Posted on December 31, 2003

The average US automotive manufacturer's consumer-level 'buying incentive' dropped by 5% from October to November 2003, now standing at US$2,386 per vehicle sold, according to the online automotive information source, Edmunds.com.

Edmunds' monthly True Cost of Incentives (TCI) report takes into account all of the manufacturers' incentives programmes effective in the USA, including subvented interest rates, lease programmes, as well as cash rebates to consumers and dealers. The report's calculations are based not only on sales volume (for a mix of vehicle makes and models) but also on the proportion of vehicles for which each type of incentive was used.

Changes by manufacturer
Incentives spending for domestic Chrysler, Ford and General Motors vehicles fell by 2.6% from US$3,445 in October to US$3,355 in November 2003. Chrysler reduced incentives by 6.0% overall to US$3,365 per vehicle, and experienced a market share decrease of 0.3% during that time.

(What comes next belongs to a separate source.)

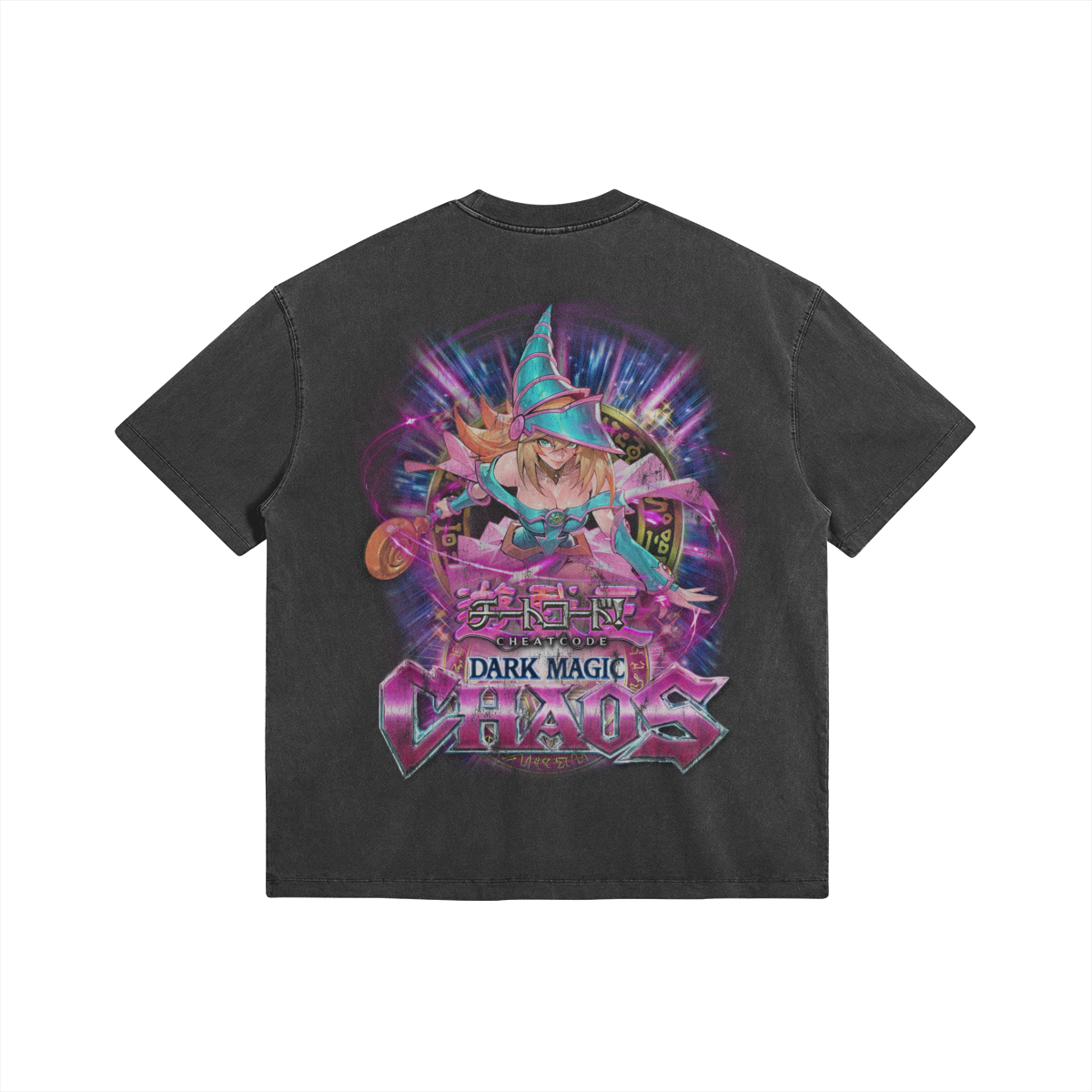 KING OF GAMES BOOSTER BUNDLE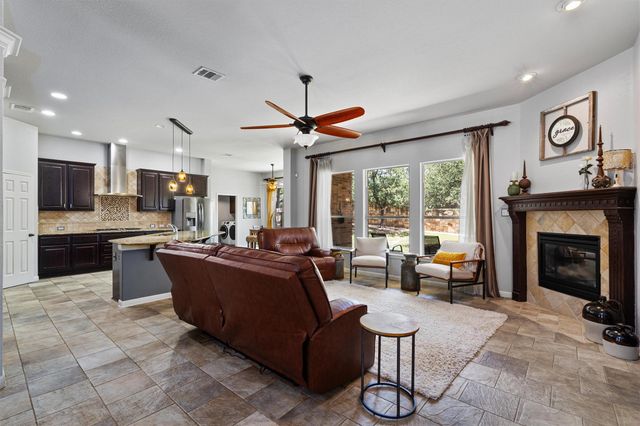 2610 Raindance, Leander, TX 78641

General Motors, however, reduced its incentives by 0.9% to US$3,611 per vehicle while gaining almost 1% of market share.

Ford reduced incentives by 4.0% to US$2,964 per vehicle (its lowest level for seven months) and saw its market share decrease by 6.9%, now accounting for 18.6% of the total US market (compared to 19.9% in October). By contrast, Mini and Scion had little or no incentive on offer in November, while Lexus spent only US$153 per vehicle. Land Rover spent US$321 and Acura spent US$330 per vehicle.

Foreign markets
In comparison, European vehicle manufacturers spent US$1,608 per vehicle, while Korean manufacturers spent US$1,440 and Japanese manufacturers spent only US$749 per vehicle sold.

"Scion is new to the marketplace, while Mini closely manages supply in relationship to demand," commented explained Dr Jane Liu, executive director of data analysis for Edmunds.com. "The three other manufacturers with low incentives costs each introduced a major redesign of a vehicle that comprises more than a third of its total sales volume, and priced it at a level the market is willing to accept, capturing new car buyers without the need for incentives."